Why listening on multiple ports?
Listening on a single port works just fine. All Bittorrent applications I ever used only required one port to be forwarded.
1) It's not worth keeping logs, certainly not for diagnosis, if they aren't synch'ed between servers when you're doing anything which relies on >1 server. If you have a client which will only ever choose ONE server and do all it's actions through that server, you can use the logs unsynch'd. Otherwise, they MUST be synch'ed. It's not hard to work this out.
2) Timesyncing costs *nothing* in practical terms. It doesn't even have to be to the Internet/UTC, so long as they are all synch'ed to each other.
3) Not spotting a *30-60 second* lag in a server response is pretty hideous for people who wrote the code. You don't have to have written the network library to spot this.
4) Using this as an excuse to put off demos, etc. is baloney. The people RUNNING the server and investigating the code behind the running servers should not be the same people as those who are creating new content, features, demos, etc. If they are, either it should be a strict seperation of time or you're understaffed.
5) Plus, DEMO COMES FIRST. I have no reason to try games any more unless they come with a nice demo. Steam is a god-send here... if you don't have a demo of a game on it, I won't bother to download several Gigabytes, waste my diskspace/bandwidth to play it because I *know* I can't get a refund if it's shit. I spent AGES looking for a demo of the second Tom Clancy Las Vegas thing and gave up in the end. Don't want it at all now, but I was going to buy it if the demo had been even half-decent.
"The public beta could EASILY have been their test-bed for the system while they were still building it."
There, I fixed it for you.
This problem is just more apparent in some games.
Any valve game with a server browser crashed my stock AT&T Speedstream modem. When I complained to AT&T they stated that it was actually a known issue, and they were willing to sell me a 'high performance' modem for 90 bucks. I went to the local Best Buy and bought a $30 Motorola modem and never had the problem again.
(The AT&T rep seemed convinced that I was really just a heavy torrenter.)
I know, beating a dead horse here. . .
The idea of P2P connections between members of a multiplayer game seems like pretty much a no-brainer, but because of NAT, it's a total P.I.T.A. Everyone likes to say, "We don't need IPv6, just use NAT". But, NAT makes lots of things more complicated (like needing to setup port-forwarding to accept in-bound connections, or using a third-party server that isn't behind a NAT that everyone makes an outbound connection to).

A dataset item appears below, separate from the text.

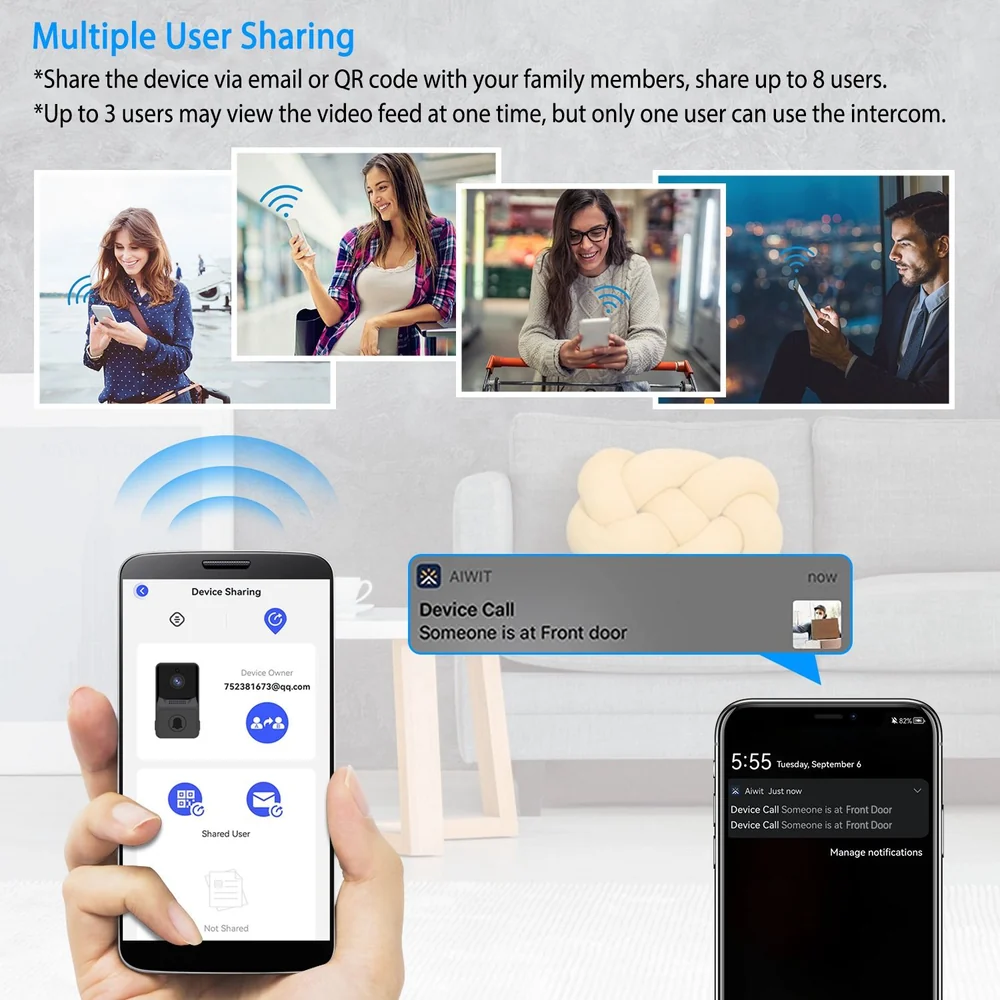 Mobile app interface showcasing multiple user sharing feature for a smart doorbell, highlighting notifications and video feed sharing capabilities among family members.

Plus, port forwarding sucks because only one computer per network can have any given port forwarded to it (that is, you *CAN* forward different ports to different computers, say have port 5000 forwarded to 192.168.1.10, and have port 5001 forwarded to 192.168.1.11, but you can't forward port 5000 to both computers - but if they each had their own unique, public IP, they can both receive traffic on the same port).
I long for an IPv6 world where NAT is basically a thing of the past (and for those who say NAT is good for security, there's no reason you can't still have firewalls built into routers).

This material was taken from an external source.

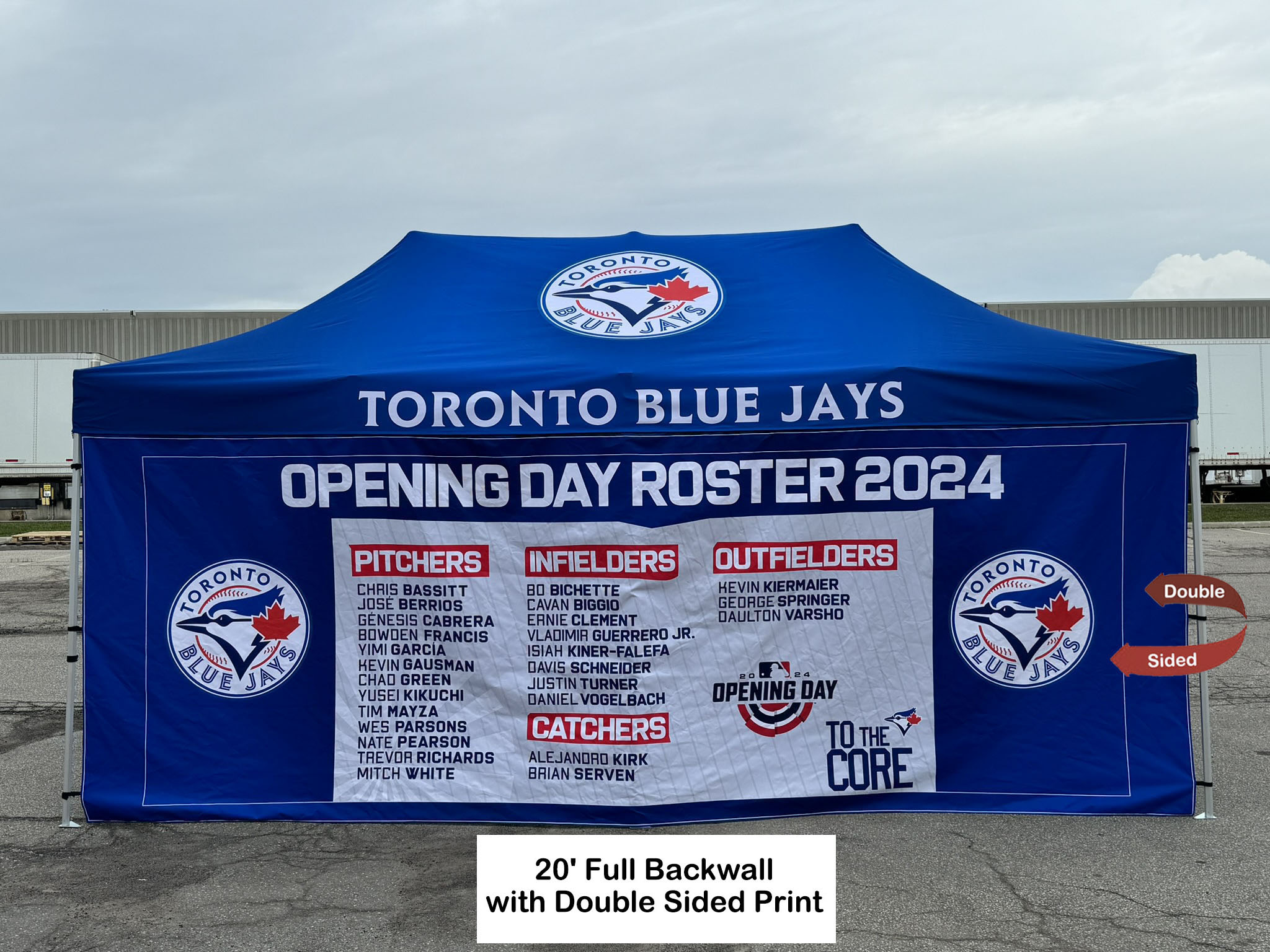 48 Hr Quick Ship - Full 20' Back Wall for 10x20 Tent Kit, Sublimated, Double Sided Print 5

Its not worth the attention, hell it doesnt even feel like a full game. The charcters are so not balanced, if im a giant walking castle i should be able to take a hell of alot of damage, not die in under a min. of combat. Also never mind that there were like fewer then 10 maps for it, granted they looked cool but still. Add that to the fact that their was no story to it and this game is just a flop. We bought it, we got suckered, move on...
Two things: There was little stress testing because GPG has a byzantine Internet policy, and forbids its workers from using anything but the Web at work. No holes were poked for them to test online.
Second, Scott Kevill's GameRanger quickly pulled the slack in for Demigod, and supported the game online just two days after launch. As I write this, there are around 100 people playing Demigod on GameRanger right now.